O universo de fantasia sombria criado por Gaiman mistura diversas mitologias, magia, terror, o sobrenatural e elementos da cultura pop, com direito, inclusive, à máxima: sexo, drogas e rock and roll. Em entrevistas, o autor já afirmou que muito do visual e da atitude dos personagens foi inspirado na cena musical punk e post-punk dos anos 80. Os textos abordam temas profundos, que vão do existencialismo à crítica social, muitas vezes com as histórias servindo como pano de fundo para reflexões sobre as mazelas dos seres humanos.
Não é à toa que os fãs ficaram alucinados quando foi anunciada a adaptação em formato live action, que contou não só com as bençãos do autor, como com sua participação direta. Ele é produtor executivo e participou dos roteiros em companhia dos escritores David S. Goyer (trilogia Blade e Batmans do Nolan, entre outros) e Allan Heinberg (filme Mulher-Maravilha e várias HQs da Marvel). Outras obras de Neil Gaiman como Deuses Americanos, Good Omens, Coraline e Stardust, já haviam se transformado em séries e filmes.
Sandman (Tom Sturridge), também conhecido como Morpheus, Sonho (Dream) e uma série de outros títulos, é o soberano do reino dos sonhos, denominado “Sonhar”, para onde a humanidade vai quando adormece. Ali ele é responsável não apenas pelos sonhos, mas também pelos pesadelos, que representam o pior da humanidade. Junto com seus seis irmãos, todos com seus reinos e símbolos próprios, formam os Perpétuos, entidades místicas imortais, filhos da Noite e do Tempo, que personificam aspectos da vida mundana como a morte, o desejo, o desespero, a destruição, o delírio e o destino.
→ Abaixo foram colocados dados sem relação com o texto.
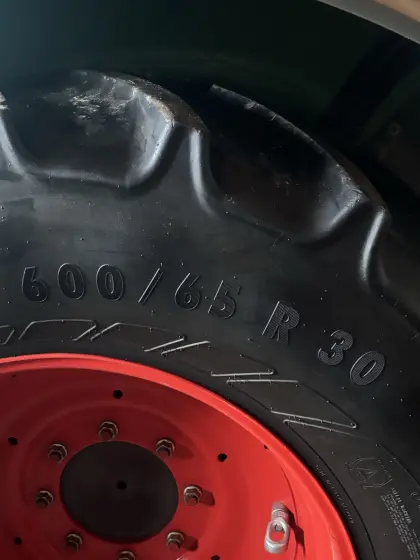 Reifen Continental 600/65 R30 AC 65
Um dos pesadelos criado por Morpheus, o Coríntio, ganha destaque nos primeiros arcos das HQs de Gaiman, “Prelúdios e Noturnos” e “A Casa de Bonecas”, adaptados para esta primeira temporada. Rebelde e desafiador, ele começa a visitar o mundo desperto, toma gosto pela podridão humana e se torna um assassino em série renegado, com dentes no lugar de seus olhos, com os quais se alimenta dos globos oculares de suas vítimas, absorvendo seus pensamentos, sentimentos e lembranças.
A série tem início com Sandman no encalço de Coríntio (Boyd Holbrook), no ano de 1916, em Londres. O objetivo dele é destruir sua criação, que perdeu totalmente o controle. Quando estava prestes a cumprir sua missão e corrigir seu erro, ele é aprisionado por um feiticeiro humano, Roderick Burgess (Charles Dance), o Magus, líder de uma seita ocultista que, na verdade, pretendia capturar a irmã de Morpheus, a Morte, e exigir que ela revivesse seu filho, morto na batalha de Galípoli, quando os ingleses invadiram a Turquia.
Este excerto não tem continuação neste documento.